■ Your assignment:
Emit an exact copy of the lines running from the start of the records to the line containing "TOYOTA-HILUX-2023", both included.

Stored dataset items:
--- START ---

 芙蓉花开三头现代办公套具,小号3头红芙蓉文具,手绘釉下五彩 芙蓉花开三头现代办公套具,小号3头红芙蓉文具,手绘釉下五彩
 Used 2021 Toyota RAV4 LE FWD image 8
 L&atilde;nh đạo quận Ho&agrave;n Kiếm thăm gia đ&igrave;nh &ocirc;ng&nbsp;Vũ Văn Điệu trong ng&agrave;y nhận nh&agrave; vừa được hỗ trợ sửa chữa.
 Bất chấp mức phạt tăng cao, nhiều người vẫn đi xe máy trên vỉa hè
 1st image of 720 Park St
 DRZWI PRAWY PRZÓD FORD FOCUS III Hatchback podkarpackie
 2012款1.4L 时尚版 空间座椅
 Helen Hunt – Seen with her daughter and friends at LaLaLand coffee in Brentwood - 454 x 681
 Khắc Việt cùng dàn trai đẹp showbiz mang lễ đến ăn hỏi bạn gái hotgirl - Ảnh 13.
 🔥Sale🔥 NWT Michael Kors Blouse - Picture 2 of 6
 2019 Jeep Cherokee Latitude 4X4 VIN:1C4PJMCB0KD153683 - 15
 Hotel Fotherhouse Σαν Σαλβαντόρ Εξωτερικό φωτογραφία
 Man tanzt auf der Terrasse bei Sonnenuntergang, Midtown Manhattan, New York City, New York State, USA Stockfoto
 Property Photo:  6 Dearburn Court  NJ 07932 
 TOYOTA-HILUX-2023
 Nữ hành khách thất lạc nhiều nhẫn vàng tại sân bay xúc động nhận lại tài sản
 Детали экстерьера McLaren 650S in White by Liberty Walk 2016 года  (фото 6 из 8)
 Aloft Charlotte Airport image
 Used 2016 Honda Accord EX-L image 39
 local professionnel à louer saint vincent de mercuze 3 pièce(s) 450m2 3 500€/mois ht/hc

--- END ---

■ Solved exercise:
 芙蓉花开三头现代办公套具,小号3头红芙蓉文具,手绘釉下五彩 芙蓉花开三头现代办公套具,小号3头红芙蓉文具,手绘釉下五彩
 Used 2021 Toyota RAV4 LE FWD image 8
 L&atilde;nh đạo quận Ho&agrave;n Kiếm thăm gia đ&igrave;nh &ocirc;ng&nbsp;Vũ Văn Điệu trong ng&agrave;y nhận nh&agrave; vừa được hỗ trợ sửa chữa.
 Bất chấp mức phạt tăng cao, nhiều người vẫn đi xe máy trên vỉa hè
 1st image of 720 Park St
 DRZWI PRAWY PRZÓD FORD FOCUS III Hatchback podkarpackie
 2012款1.4L 时尚版 空间座椅
 Helen Hunt – Seen with her daughter and friends at LaLaLand coffee in Brentwood - 454 x 681
 Khắc Việt cùng dàn trai đẹp showbiz mang lễ đến ăn hỏi bạn gái hotgirl - Ảnh 13.
 🔥Sale🔥 NWT Michael Kors Blouse - Picture 2 of 6
 2019 Jeep Cherokee Latitude 4X4 VIN:1C4PJMCB0KD153683 - 15
 Hotel Fotherhouse Σαν Σαλβαντόρ Εξωτερικό φωτογραφία
 Man tanzt auf der Terrasse bei Sonnenuntergang, Midtown Manhattan, New York City, New York State, USA Stockfoto
 Property Photo:  6 Dearburn Court  NJ 07932 
 TOYOTA-HILUX-2023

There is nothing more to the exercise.